STUDY MATERIAL:
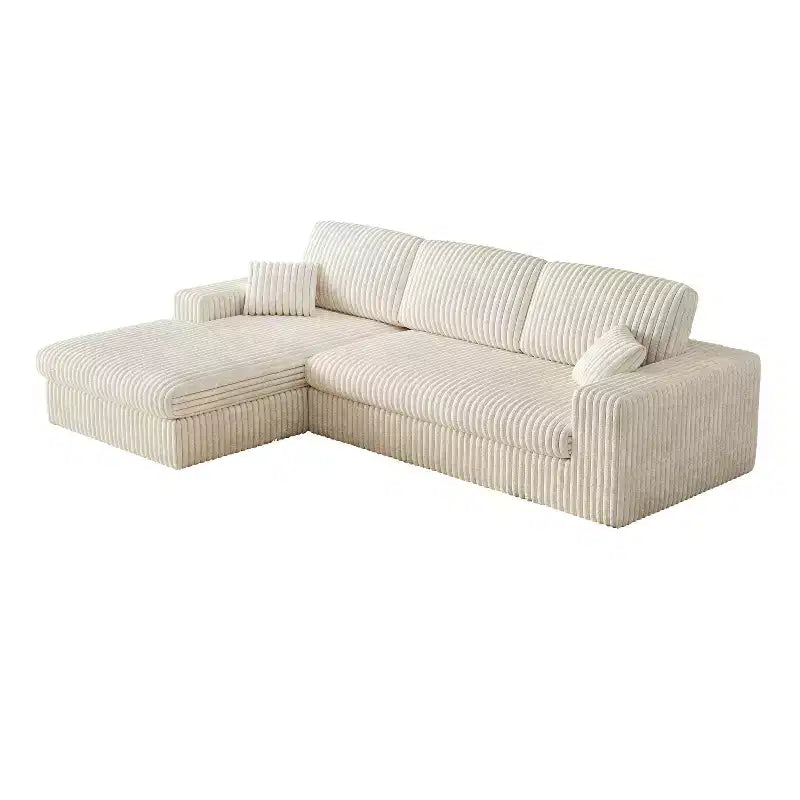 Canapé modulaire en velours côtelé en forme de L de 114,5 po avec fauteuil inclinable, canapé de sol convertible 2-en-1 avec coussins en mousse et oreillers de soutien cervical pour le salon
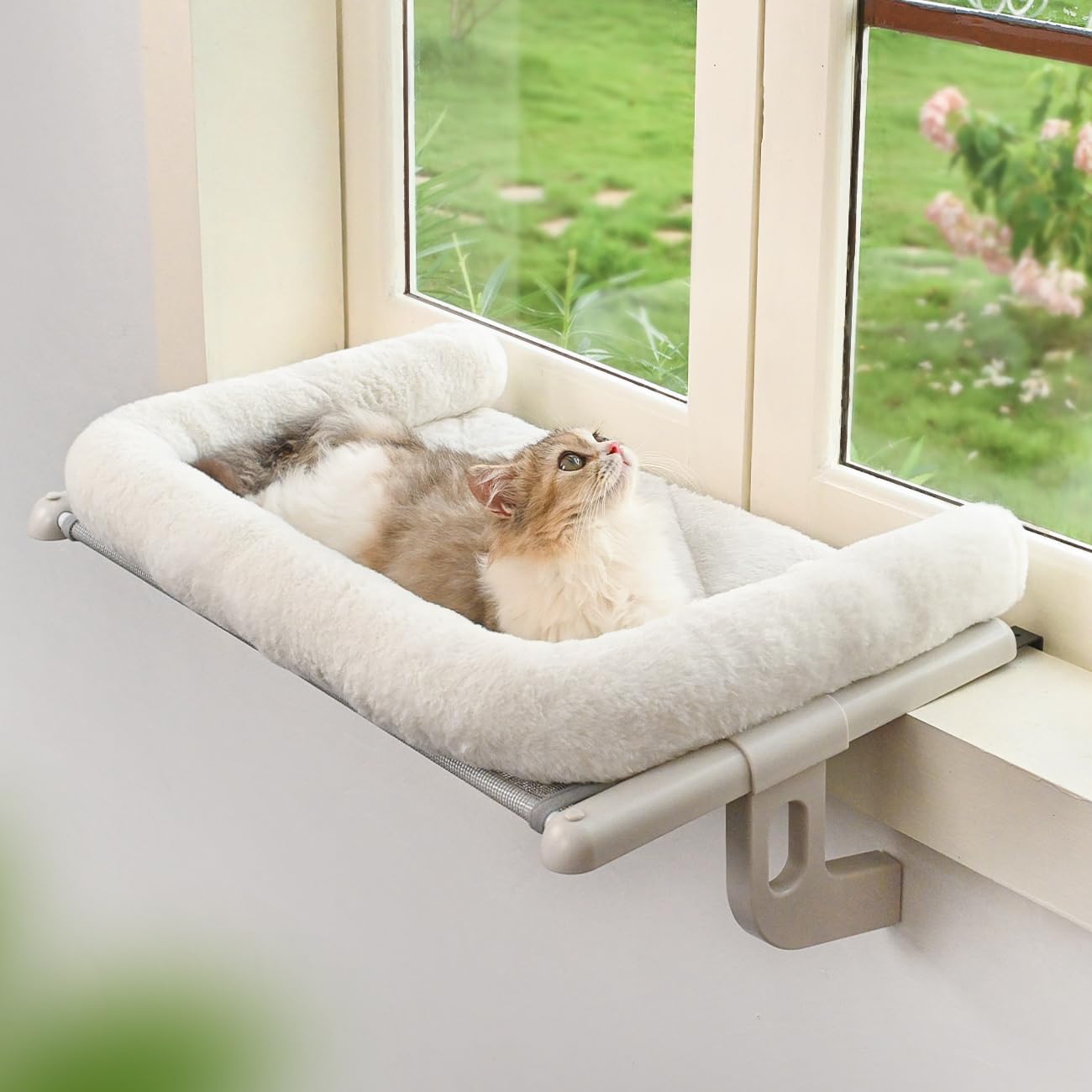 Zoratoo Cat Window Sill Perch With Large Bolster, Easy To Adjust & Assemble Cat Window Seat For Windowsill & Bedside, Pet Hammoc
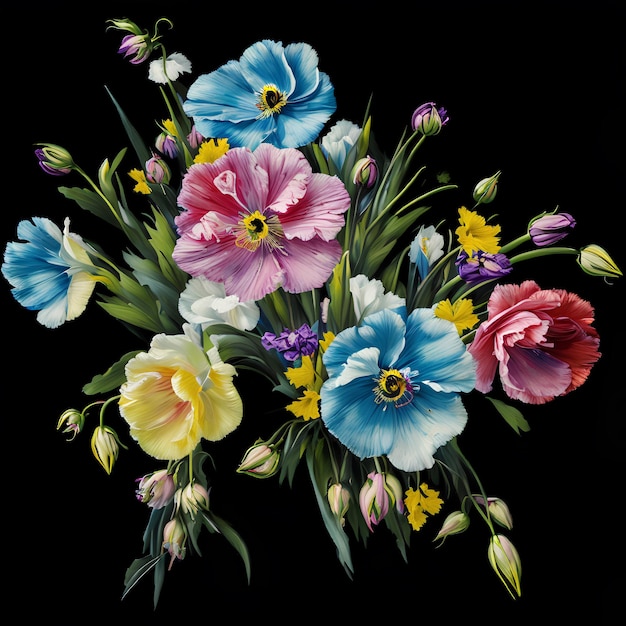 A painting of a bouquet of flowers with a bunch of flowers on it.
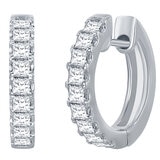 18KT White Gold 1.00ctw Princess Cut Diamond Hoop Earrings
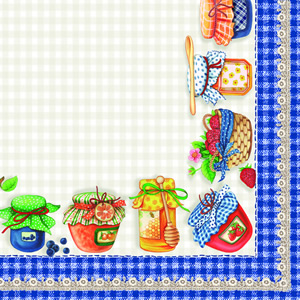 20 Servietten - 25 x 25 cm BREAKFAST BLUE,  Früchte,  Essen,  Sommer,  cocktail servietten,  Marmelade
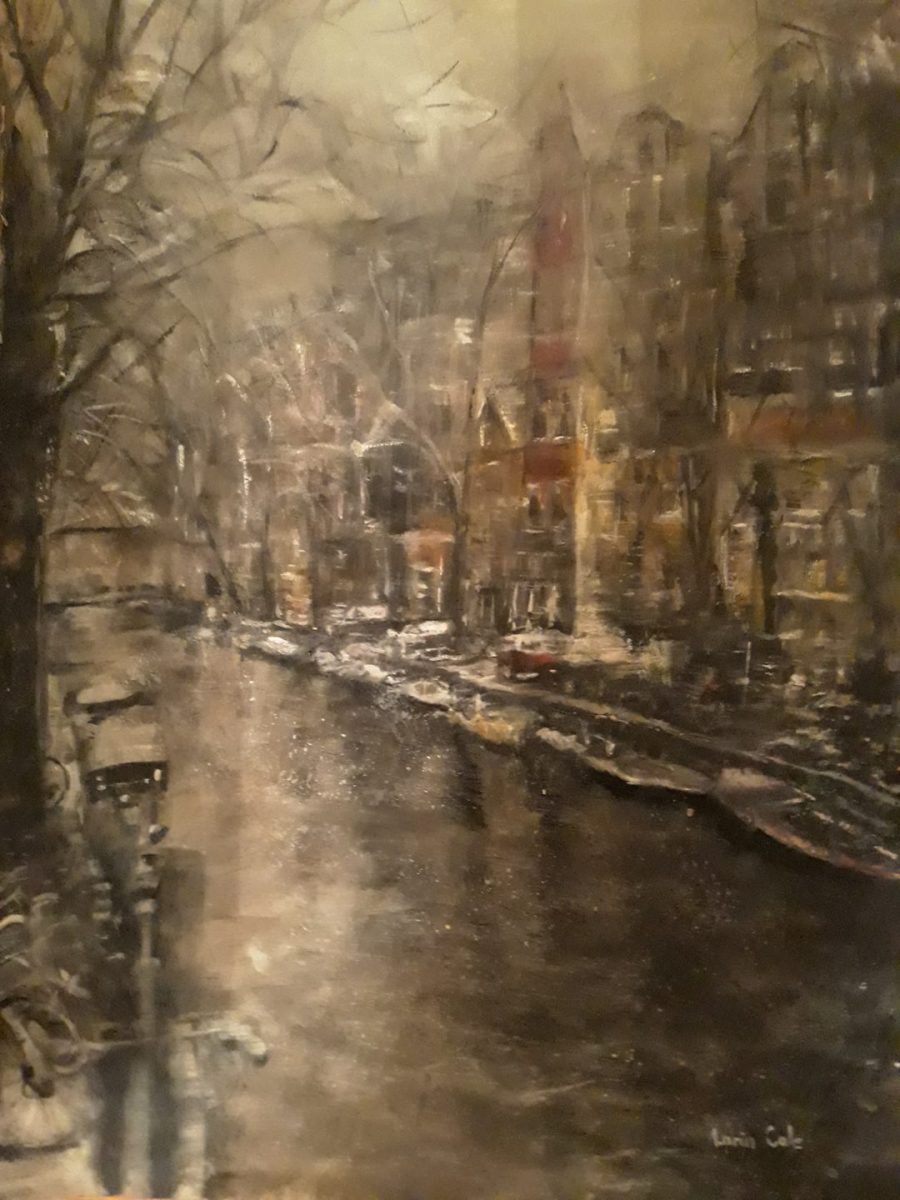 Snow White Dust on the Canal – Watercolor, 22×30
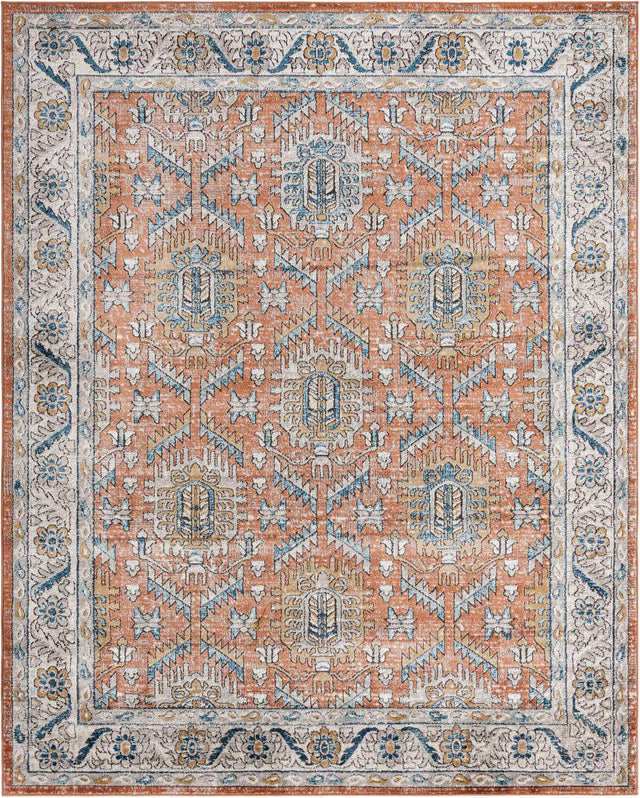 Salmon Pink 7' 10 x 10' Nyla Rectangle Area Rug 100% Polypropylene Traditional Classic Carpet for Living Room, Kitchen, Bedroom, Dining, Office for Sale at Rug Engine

WHAT THIS TASK INVOLVES:
Verbatim repetition of the entries is required, excluding any pictures.

SOLUTION TO THIS PROBLEM:
 Canapé modulaire en velours côtelé en forme de L de 114,5 po avec fauteuil inclinable, canapé de sol convertible 2-en-1 avec coussins en mousse et oreillers de soutien cervical pour le salon
 Zoratoo Cat Window Sill Perch With Large Bolster, Easy To Adjust & Assemble Cat Window Seat For Windowsill & Bedside, Pet Hammoc
 A painting of a bouquet of flowers with a bunch of flowers on it.
 18KT White Gold 1.00ctw Princess Cut Diamond Hoop Earrings
 20 Servietten - 25 x 25 cm BREAKFAST BLUE,  Früchte,  Essen,  Sommer,  cocktail servietten,  Marmelade
 Snow White Dust on the Canal – Watercolor, 22×30
 Salmon Pink 7' 10 x 10' Nyla Rectangle Area Rug 100% Polypropylene Traditional Classic Carpet for Living Room, Kitchen, Bedroom, Dining, Office for Sale at Rug Engine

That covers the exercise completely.